With all of the talk on #edchat this past week about differentiated learning, one tweet stuck with me about having students create their own rubrics. Off the cuff I had students create the rubric for the podcasts we are making about our Balsa tower project.
Then I had one student write down our requirements on the board:
- 45 points total
- must have a written script before you are allowed to record
- podcast should be 2-4 minutes in length (-5points/ 15 seconds off)
- Introduce yourselves with first names only. (2 points)
- Explain the project-what were the requirements/goals. (5 points)
- Explain how you made your tower and your design ideas. (5 points)
- Tell about your results-weight of tower, sand, and efficiency (5 points)
- Explain what you learned. (5 points)
- Creativity and making it interesting (8 points)
- Cooperation (15 points)
- Music is extra credit-5 points
This is my polished version. I added the total points and points for each item. I also required them to have a written script, creativity, and cooperation. So the rubric was not totally created by the students 🙂
Matt Townsley, who always gives me great pushback, asked me on twitter:
“Also in the spirit of reporting learning, how many of your podcast points are based on process/requirements vs. learning/content?”
My response is that 20 points are for the learning/content of the podcast and 10 points are for style (intro. plus creativity). The cooperation points are for effort and are primarily to make sure that both partners are doing their fair share of the podcast. So a little less than half of the points are for learning/ content from this perspective.
But this is a technology class and learning how to make a podcast is also a learning objective for me. The students have already received a grade of 140 possible points on the Balsa Project itself for things like research, drawings, construction, and how much sand their tower held before breaking. Therefore the purpose of the podcast is two-fold: to report their learning from the Balsa Tower project and to learn how to make a podcast. So in my opinion all of the points represent learning/content.

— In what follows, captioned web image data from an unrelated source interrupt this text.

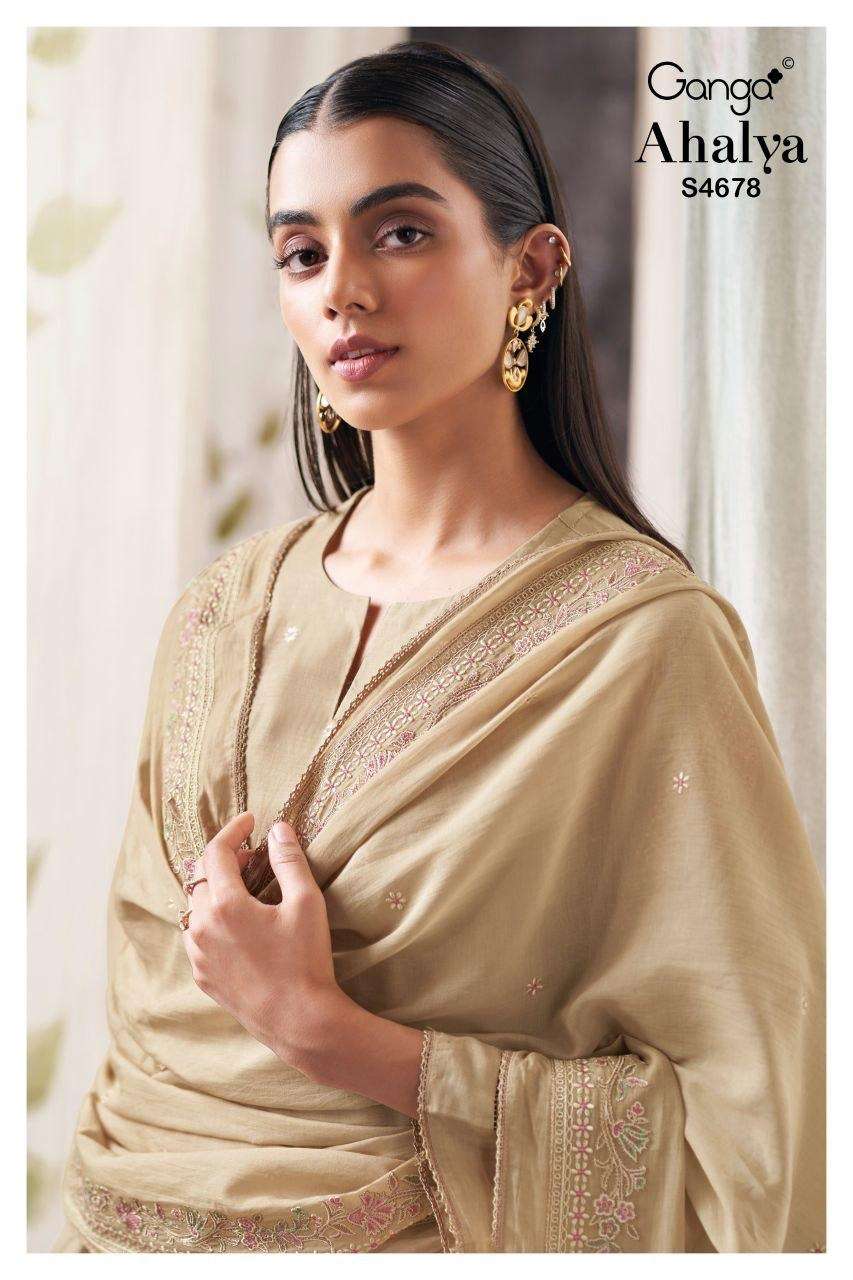 GANGA AHALYA 4678 MUL SOLID COLOR WITH EMBROIDERY SALWAR SUI...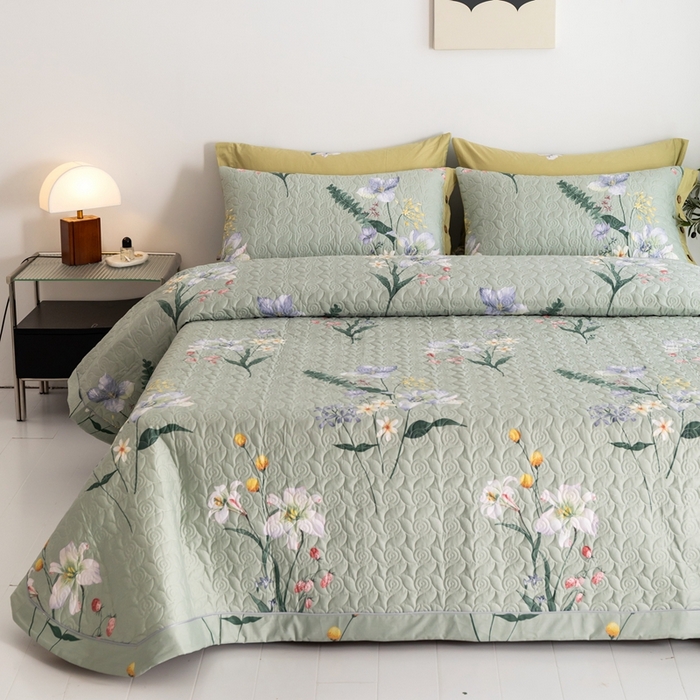 91家纺网 家纺一手货源 找家纺 优乐家纺 2025新款纯棉床盖三件套/单件 晗蕊初开-绿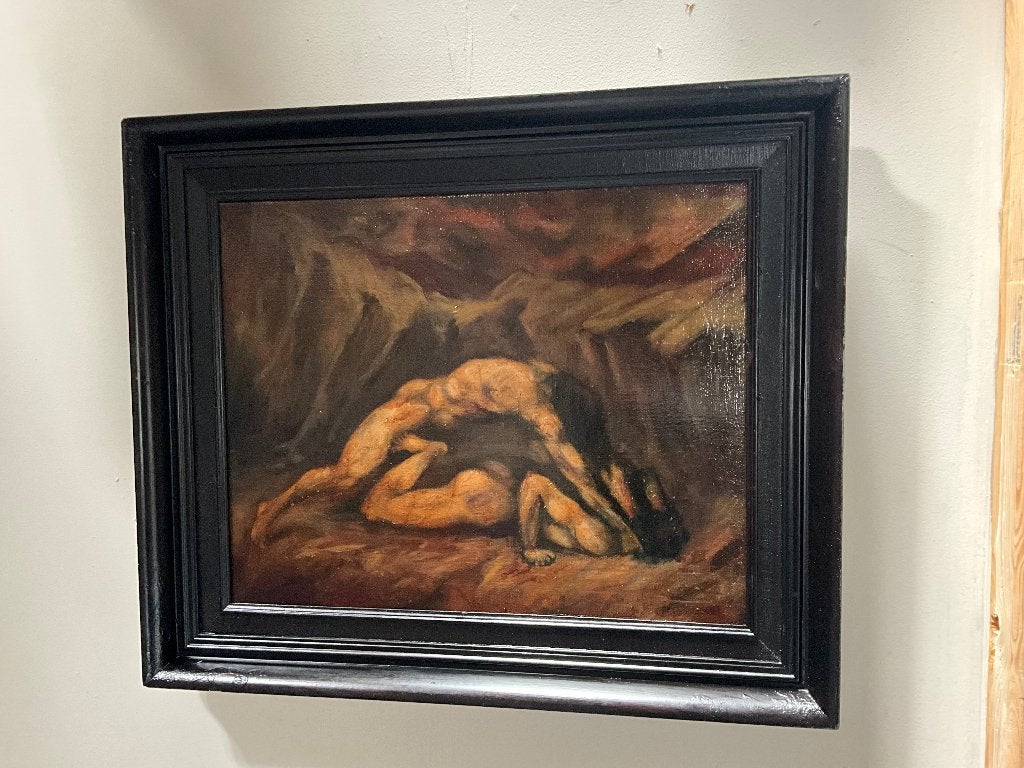 schilderij mannelijk naakt duister, Ophalen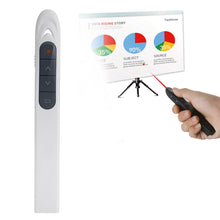 Load image into Gallery viewer, XM930 2.4GHz Wireless Laser PowerPoint Page Turning Pen Multimedia Wireless Presentation Projection Pen with USB Receiver, Support Low Battery Remind, Remote Control Distance: 100m, 100m White, 100m Black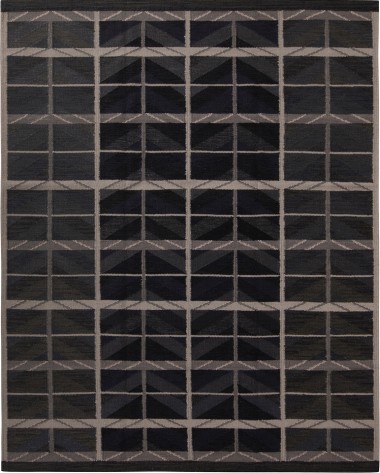 Modern/Bohemian Charcoal/Black Wool Area Rug: Oslo Storm Blå Storm Blue 151902: Black/Beige (Hand-Knotted Area Rug)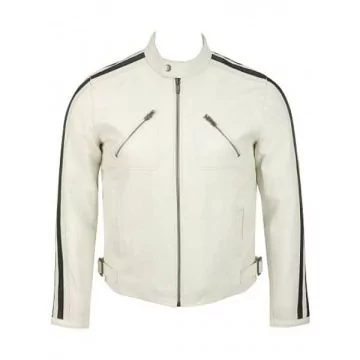 White Leather Jacket for Men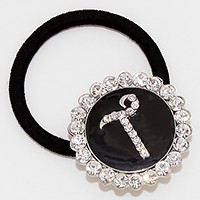 'T' Crystal Accented Initial Monogram Ponytail Hair Band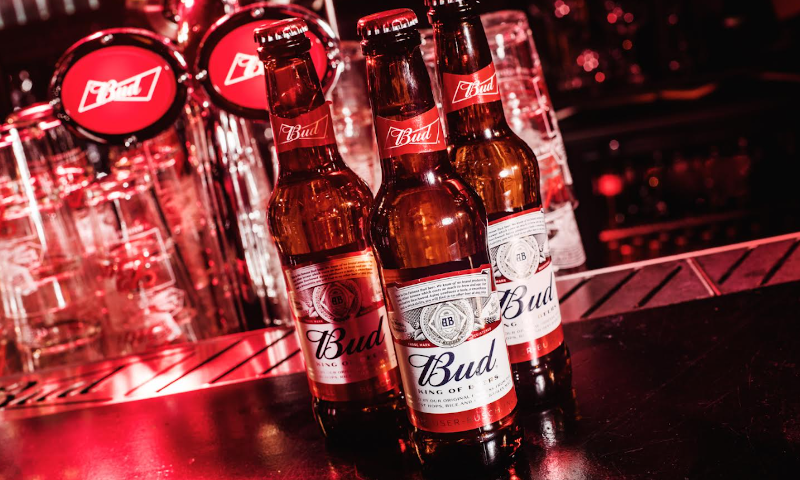 Bud bierflesjes op de bar in de horeca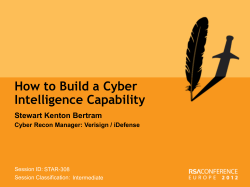 How to Build a Cyber Intelligence Capability Stewart Kenton Bertram
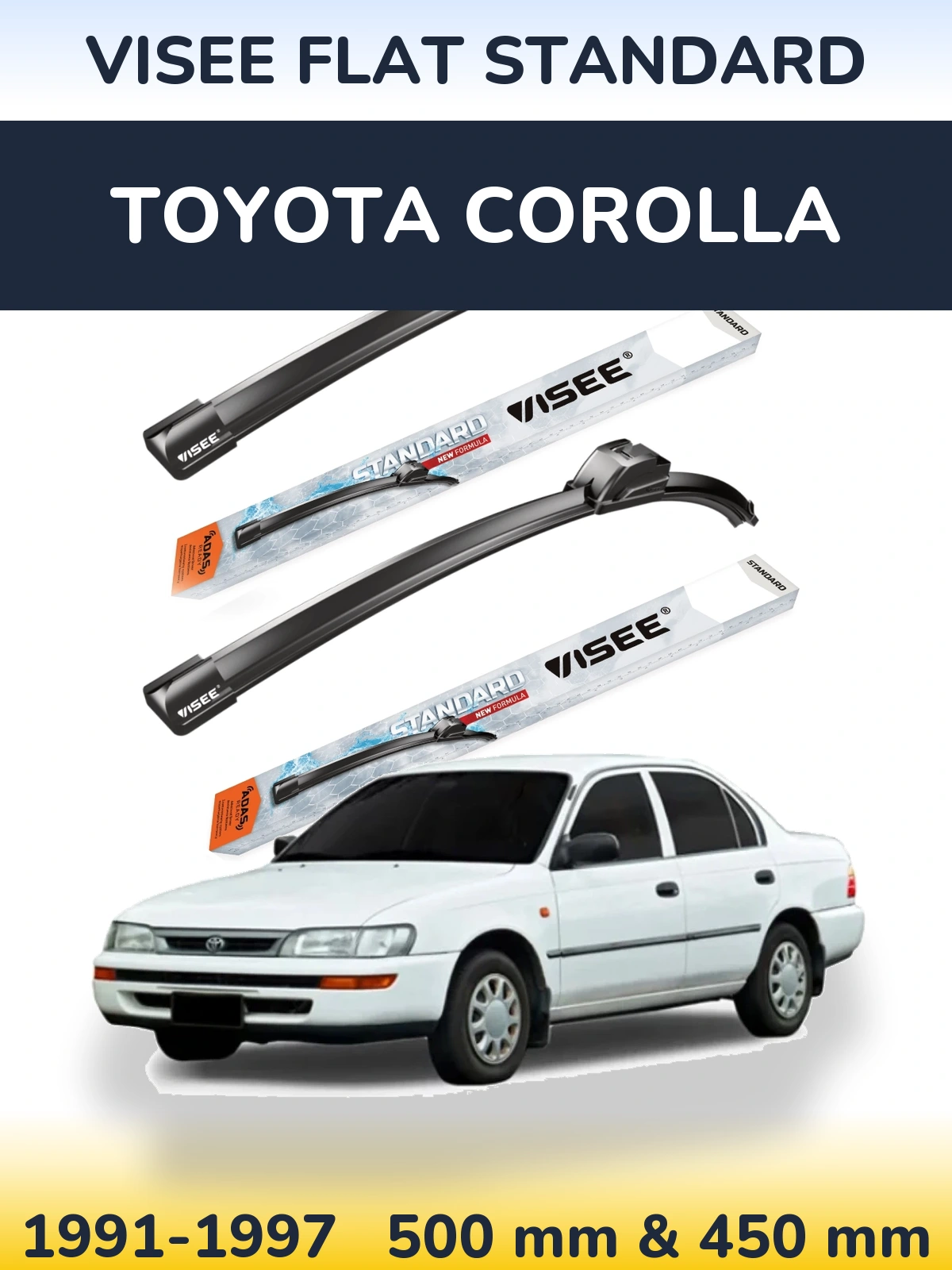 Sada předních stěračů VISEE FLAT STANDARD 500 a 450 mm pro Toyota Corolla 1991-1997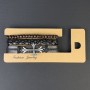 Triple eco-leather bracelet with cross inlay on the clasp, length 18-24 cm, brown and black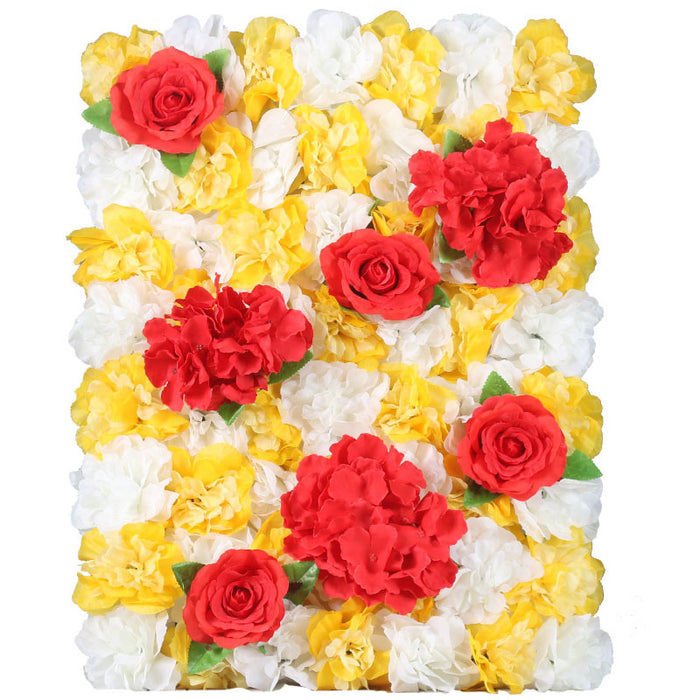 A granel 11 pies cuadrados | 4 paneles de flores artificiales, alfombrilla de pared de peonía, telón de fondo con protección UV, venta al por mayor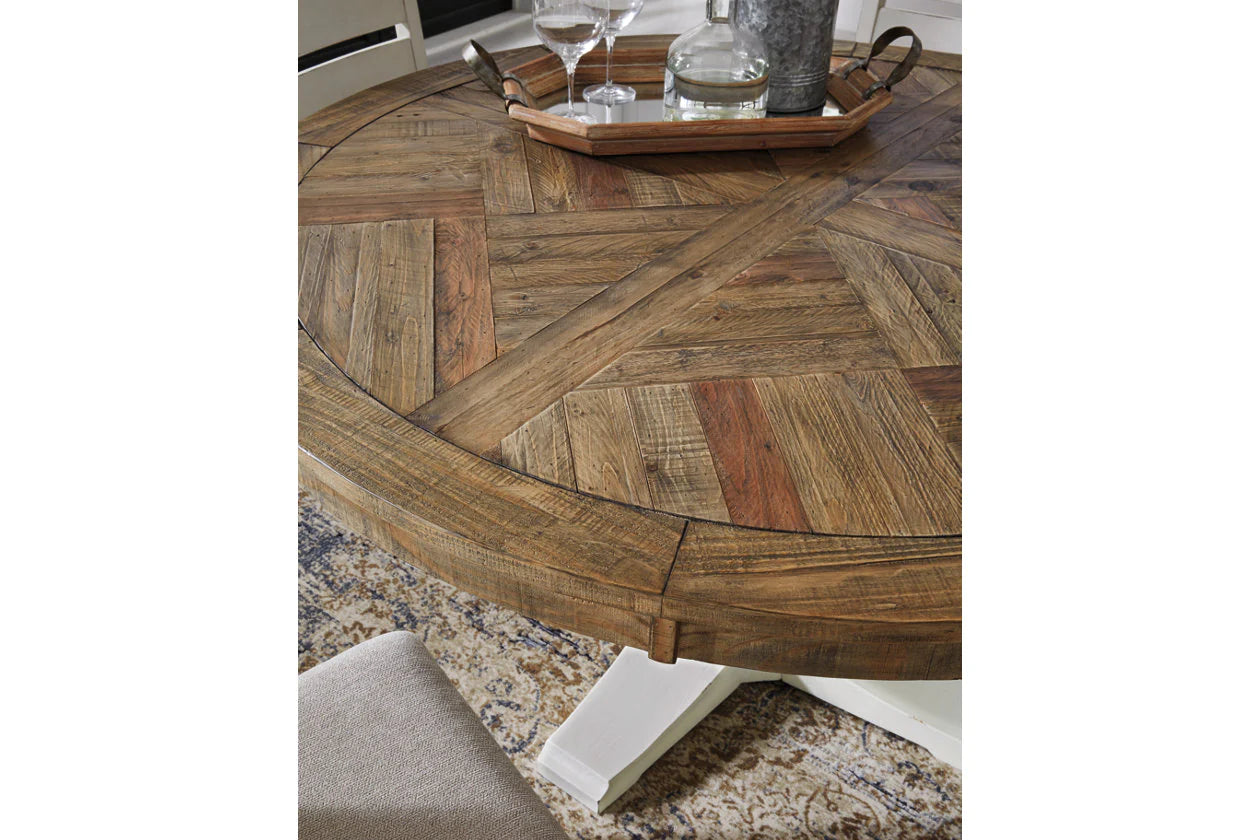 Grindleburg Light Brown Round Dining Table with Pedestal Base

Finally I do not believe that true assessment of student learning can always be measured. Some of my top students tried some experimental designs. They looked cooler than the rest of the class’s towers and were voted by almost every member of the class as most likely to be the champion. Ultimately they were failures as designs and broke under the weight of the bucket with no sand.
These students definitely learned about design from their failure, probably more than the rest of the class even though their grade may not reflect it.